> **WHAT THIS TASK INVOLVES**
Only the lines from the one containing "Dell 1130n A4" to the end of the data are wanted; print them exactly as they appear.

· · · · ·

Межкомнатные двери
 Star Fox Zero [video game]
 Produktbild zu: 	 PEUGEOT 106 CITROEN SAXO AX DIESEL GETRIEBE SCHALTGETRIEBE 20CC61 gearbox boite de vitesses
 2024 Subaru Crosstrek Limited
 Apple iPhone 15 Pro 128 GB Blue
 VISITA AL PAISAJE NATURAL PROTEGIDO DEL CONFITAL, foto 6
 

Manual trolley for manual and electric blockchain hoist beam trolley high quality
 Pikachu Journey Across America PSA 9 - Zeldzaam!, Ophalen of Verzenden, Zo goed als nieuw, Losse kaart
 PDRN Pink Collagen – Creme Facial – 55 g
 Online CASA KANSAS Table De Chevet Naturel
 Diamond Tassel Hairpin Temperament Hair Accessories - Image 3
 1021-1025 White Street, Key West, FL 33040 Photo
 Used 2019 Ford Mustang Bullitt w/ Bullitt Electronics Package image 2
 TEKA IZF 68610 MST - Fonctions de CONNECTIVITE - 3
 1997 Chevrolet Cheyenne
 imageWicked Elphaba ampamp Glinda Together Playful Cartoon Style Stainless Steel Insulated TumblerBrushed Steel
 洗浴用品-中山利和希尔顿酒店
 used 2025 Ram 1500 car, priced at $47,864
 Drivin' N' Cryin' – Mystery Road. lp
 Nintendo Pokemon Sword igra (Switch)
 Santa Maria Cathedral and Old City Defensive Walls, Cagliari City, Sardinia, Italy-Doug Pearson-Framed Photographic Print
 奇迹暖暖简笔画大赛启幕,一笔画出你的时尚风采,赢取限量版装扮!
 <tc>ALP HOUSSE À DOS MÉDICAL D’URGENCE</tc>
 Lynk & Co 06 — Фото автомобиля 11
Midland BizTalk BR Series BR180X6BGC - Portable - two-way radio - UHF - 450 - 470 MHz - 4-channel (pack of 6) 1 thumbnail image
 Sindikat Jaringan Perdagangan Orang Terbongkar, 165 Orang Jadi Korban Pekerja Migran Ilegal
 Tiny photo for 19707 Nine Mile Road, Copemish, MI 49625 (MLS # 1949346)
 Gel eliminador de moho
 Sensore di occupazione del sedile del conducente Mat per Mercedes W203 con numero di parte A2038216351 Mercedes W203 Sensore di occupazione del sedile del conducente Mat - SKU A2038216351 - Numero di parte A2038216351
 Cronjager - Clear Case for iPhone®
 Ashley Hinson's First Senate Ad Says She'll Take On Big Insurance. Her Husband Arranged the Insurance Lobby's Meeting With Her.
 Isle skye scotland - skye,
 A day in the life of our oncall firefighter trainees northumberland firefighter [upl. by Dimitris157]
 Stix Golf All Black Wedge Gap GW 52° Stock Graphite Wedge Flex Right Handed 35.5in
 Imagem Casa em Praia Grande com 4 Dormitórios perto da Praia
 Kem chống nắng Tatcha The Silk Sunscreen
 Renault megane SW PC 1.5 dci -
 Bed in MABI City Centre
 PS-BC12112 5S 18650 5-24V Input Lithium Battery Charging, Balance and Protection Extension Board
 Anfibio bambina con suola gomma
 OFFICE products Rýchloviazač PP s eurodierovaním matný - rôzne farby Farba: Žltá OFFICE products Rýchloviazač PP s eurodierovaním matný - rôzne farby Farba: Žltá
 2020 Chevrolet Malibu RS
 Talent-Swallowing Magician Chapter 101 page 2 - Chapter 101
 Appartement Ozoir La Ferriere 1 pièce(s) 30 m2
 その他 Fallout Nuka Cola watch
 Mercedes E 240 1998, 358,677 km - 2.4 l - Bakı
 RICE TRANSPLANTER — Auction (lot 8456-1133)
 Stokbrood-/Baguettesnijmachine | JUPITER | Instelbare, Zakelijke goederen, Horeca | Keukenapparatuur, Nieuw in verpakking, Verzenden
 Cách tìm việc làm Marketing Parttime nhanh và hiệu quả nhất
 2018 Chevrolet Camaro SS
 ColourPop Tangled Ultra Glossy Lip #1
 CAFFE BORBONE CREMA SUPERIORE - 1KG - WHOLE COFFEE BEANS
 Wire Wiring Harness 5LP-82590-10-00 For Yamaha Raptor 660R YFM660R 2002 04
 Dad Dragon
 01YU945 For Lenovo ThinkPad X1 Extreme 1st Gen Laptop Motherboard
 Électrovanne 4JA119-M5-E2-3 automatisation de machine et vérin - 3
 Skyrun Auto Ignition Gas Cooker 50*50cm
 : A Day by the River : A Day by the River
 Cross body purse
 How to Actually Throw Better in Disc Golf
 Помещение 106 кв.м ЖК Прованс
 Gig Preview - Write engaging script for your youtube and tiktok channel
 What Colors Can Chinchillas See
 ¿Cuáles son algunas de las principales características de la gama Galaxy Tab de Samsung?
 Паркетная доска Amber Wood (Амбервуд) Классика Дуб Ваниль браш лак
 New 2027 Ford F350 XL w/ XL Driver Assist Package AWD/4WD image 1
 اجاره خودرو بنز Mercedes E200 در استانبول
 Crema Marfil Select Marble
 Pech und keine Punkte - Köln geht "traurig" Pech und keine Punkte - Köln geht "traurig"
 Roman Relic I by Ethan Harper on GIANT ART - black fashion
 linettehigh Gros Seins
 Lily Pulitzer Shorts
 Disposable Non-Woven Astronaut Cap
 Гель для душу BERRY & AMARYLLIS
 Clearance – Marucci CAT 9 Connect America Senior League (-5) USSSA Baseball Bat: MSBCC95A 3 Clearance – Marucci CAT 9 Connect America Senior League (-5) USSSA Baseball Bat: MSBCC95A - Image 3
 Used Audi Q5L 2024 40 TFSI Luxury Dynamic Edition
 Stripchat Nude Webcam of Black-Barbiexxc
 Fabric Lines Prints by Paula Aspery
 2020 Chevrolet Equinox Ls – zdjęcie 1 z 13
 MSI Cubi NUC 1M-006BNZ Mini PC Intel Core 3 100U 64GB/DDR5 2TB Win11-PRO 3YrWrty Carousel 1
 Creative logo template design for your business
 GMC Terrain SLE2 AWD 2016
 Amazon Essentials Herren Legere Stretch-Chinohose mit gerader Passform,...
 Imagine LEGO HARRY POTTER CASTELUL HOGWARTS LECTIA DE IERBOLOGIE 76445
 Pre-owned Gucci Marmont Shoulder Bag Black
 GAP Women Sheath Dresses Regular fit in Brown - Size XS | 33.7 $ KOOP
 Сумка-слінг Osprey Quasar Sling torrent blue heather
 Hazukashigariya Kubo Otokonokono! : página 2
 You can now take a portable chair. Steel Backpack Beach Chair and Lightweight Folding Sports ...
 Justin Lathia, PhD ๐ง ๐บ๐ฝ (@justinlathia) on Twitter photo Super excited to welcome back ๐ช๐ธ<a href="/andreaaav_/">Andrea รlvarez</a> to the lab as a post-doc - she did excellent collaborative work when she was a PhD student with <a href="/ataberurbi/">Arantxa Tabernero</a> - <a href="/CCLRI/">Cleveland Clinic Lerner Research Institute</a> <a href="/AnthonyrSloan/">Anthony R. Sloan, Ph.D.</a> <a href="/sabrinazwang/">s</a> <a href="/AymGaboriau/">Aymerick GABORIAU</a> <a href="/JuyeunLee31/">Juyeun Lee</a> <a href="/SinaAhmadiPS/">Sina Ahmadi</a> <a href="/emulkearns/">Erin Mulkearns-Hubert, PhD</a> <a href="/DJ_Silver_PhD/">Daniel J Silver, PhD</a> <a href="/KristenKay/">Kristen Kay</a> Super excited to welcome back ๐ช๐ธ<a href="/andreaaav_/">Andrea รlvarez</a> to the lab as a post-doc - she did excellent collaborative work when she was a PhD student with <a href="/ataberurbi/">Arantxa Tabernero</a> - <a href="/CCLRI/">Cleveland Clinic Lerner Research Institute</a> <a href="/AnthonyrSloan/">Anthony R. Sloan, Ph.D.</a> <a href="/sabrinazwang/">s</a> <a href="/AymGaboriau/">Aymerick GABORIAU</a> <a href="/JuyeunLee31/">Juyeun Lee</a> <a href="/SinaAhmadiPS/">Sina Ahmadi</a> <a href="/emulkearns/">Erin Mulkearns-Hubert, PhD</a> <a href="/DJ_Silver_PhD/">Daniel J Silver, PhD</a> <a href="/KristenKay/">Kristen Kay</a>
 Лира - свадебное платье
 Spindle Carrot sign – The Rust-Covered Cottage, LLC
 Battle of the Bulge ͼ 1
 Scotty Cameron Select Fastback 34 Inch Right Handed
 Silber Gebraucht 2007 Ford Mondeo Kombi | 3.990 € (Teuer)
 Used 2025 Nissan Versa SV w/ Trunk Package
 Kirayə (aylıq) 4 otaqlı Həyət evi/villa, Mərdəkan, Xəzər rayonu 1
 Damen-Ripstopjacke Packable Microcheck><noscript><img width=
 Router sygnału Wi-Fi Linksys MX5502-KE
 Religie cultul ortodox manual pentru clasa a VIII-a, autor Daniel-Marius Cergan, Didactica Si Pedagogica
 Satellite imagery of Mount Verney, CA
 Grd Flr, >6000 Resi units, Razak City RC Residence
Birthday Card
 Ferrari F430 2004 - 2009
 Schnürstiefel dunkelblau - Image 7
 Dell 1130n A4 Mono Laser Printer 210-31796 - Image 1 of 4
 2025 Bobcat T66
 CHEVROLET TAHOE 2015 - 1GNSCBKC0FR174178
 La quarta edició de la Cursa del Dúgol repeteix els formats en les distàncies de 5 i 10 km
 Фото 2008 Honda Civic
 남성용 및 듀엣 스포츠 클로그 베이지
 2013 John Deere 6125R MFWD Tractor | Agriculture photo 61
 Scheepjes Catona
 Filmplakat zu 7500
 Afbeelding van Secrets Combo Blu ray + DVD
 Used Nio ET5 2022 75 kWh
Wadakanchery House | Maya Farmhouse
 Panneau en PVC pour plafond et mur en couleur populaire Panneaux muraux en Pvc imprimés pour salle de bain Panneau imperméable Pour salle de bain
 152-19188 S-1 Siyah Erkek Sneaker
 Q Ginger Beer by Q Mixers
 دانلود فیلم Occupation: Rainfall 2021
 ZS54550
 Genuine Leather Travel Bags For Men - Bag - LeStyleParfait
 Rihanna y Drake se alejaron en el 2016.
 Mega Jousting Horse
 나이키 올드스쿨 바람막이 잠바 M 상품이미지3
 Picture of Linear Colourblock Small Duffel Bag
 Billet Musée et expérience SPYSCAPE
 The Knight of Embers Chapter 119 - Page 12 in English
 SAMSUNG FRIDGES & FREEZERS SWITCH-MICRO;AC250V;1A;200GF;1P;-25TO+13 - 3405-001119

· · · · ·

> **RESPONSE BELOW**
 Dell 1130n A4 Mono Laser Printer 210-31796 - Image 1 of 4
 2025 Bobcat T66
 CHEVROLET TAHOE 2015 - 1GNSCBKC0FR174178
 La quarta edició de la Cursa del Dúgol repeteix els formats en les distàncies de 5 i 10 km
 Фото 2008 Honda Civic
 남성용 및 듀엣 스포츠 클로그 베이지
 2013 John Deere 6125R MFWD Tractor | Agriculture photo 61
 Scheepjes Catona
 Filmplakat zu 7500
 Afbeelding van Secrets Combo Blu ray + DVD
 Used Nio ET5 2022 75 kWh
Wadakanchery House | Maya Farmhouse
 Panneau en PVC pour plafond et mur en couleur populaire Panneaux muraux en Pvc imprimés pour salle de bain Panneau imperméable Pour salle de bain
 152-19188 S-1 Siyah Erkek Sneaker
 Q Ginger Beer by Q Mixers
 دانلود فیلم Occupation: Rainfall 2021
 ZS54550
 Genuine Leather Travel Bags For Men - Bag - LeStyleParfait
 Rihanna y Drake se alejaron en el 2016.
 Mega Jousting Horse
 나이키 올드스쿨 바람막이 잠바 M 상품이미지3
 Picture of Linear Colourblock Small Duffel Bag
 Billet Musée et expérience SPYSCAPE
 The Knight of Embers Chapter 119 - Page 12 in English
 SAMSUNG FRIDGES & FREEZERS SWITCH-MICRO;AC250V;1A;200GF;1P;-25TO+13 - 3405-001119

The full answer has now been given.